Correlation bewteen numeric variables and outcome.
```{r}
attach(diabetes)
par(mfrow=c(2,4))
boxplot(Pregnancies~Outcome, main="No. of Pregnancies vs. Diabetes",
xlab="Outcome", ylab="Pregnancies")
boxplot(Glucose~Outcome, main="Glucose vs. Diabetes",
xlab="Outcome", ylab="Glucose")
boxplot(BloodPressure~Outcome, main="Blood Pressure vs. Diabetes",
xlab="Outcome", ylab="Blood Pressure")
boxplot(SkinThickness~Outcome, main="Skin Thickness vs. Diabetes",
xlab="Outcome", ylab="Skin Thickness")
boxplot(Insulin~Outcome, main="Insulin vs. Diabetes",
xlab="Outcome", ylab="Insulin")
boxplot(BMI~Outcome, main="BMI vs. Diabetes",
xlab="Outcome", ylab="BMI")
boxplot(DiabetesPedigreeFunction~Outcome, main="Diabetes Pedigree Function vs. Diabetes", xlab="Outcome", ylab="DiabetesPedigreeFunction")
boxplot(Age~Outcome, main="Age vs. Diabetes",
xlab="Outcome", ylab="Age")
```
Blood pressure and skin thickness show little variation with diabetes, they will be excluded from the model. Other variables show more or less correlation with diabetes, so will be kept.
### Logistic Regression
```{r}
diabetes$BloodPressure <- NULL
diabetes$SkinThickness <- NULL
train <- diabetes[1:540,]
test <- diabetes[541:768,]
model <-glm(Outcome ~.,family=binomial(link='logit'),data=train)
summary(model)
```
The top three most relevant features are "Glucose", "BMI" and "Number of times pregnant" because of the low p-values.
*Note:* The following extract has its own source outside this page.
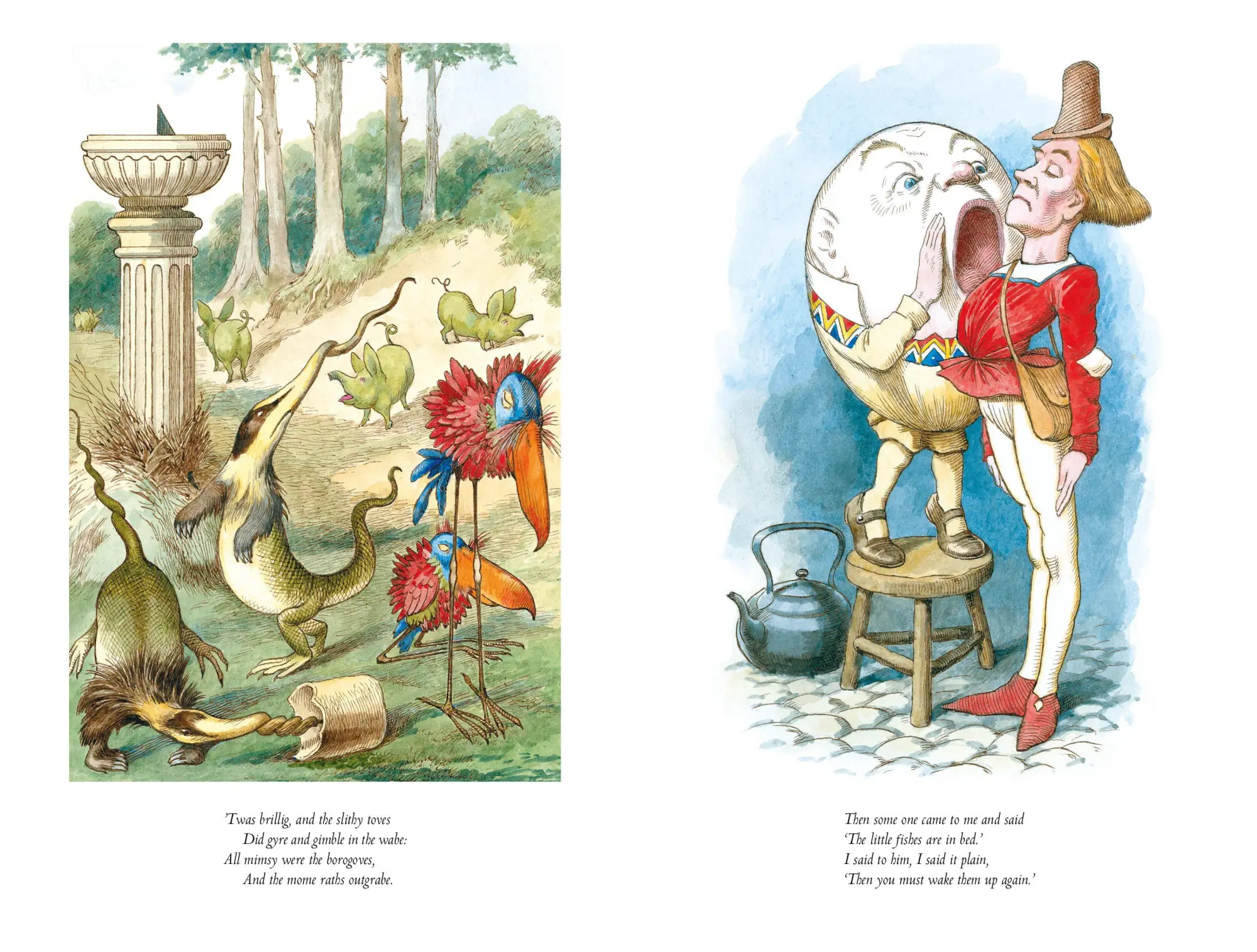 Bild: 9781035050529 | Through the Looking-Glass | Lewis Carroll | Buch | 224 S. | Englisch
"Insulin" and "Age" appear not statistically significant.
```{r}
anova(model, test="Chisq")
```
From the table of deviance, we can see that adding insulin and age have little effect on the residual deviance.
### Cross Validation
```{r}
fitted.results <- predict(model,newdata=test,type='response')
fitted.results <- ifelse(fitted.results > 0.5,1,0)
misClasificError <- mean(fitted.results != test$Outcome)
print(paste('Accuracy',1-misClasificError))
```
### Decision Tree
```{r}
library(rpart)
model2 <- rpart(Outcome ~ Pregnancies + Glucose + BMI + DiabetesPedigreeFunction, data=train,method="class")
```
```{r}
plot(model2, uniform=TRUE,
main="Classification Tree for Diabetes")
text(model2, use.n=TRUE, all=TRUE, cex=.8)
```
This means if a person's BMI less than 45.4 and her diabetes digree function less than 0.8745, then she is more likely to have diabetes.
Confusion table and accuracy
```{r}
treePred <- predict(model2, test, type = 'class')
table(treePred, test$Outcome)
mean(treePred==test$Outcome)
```
In this project, I compared the performance of Logistic Regression and Decision Tree algorithms and found that Logistic Regression performed better on this standard, unaltered dataset. However, there are things we can do to improve the generalization performance in decision tree induction such as pruning. I will perform that in the future posts.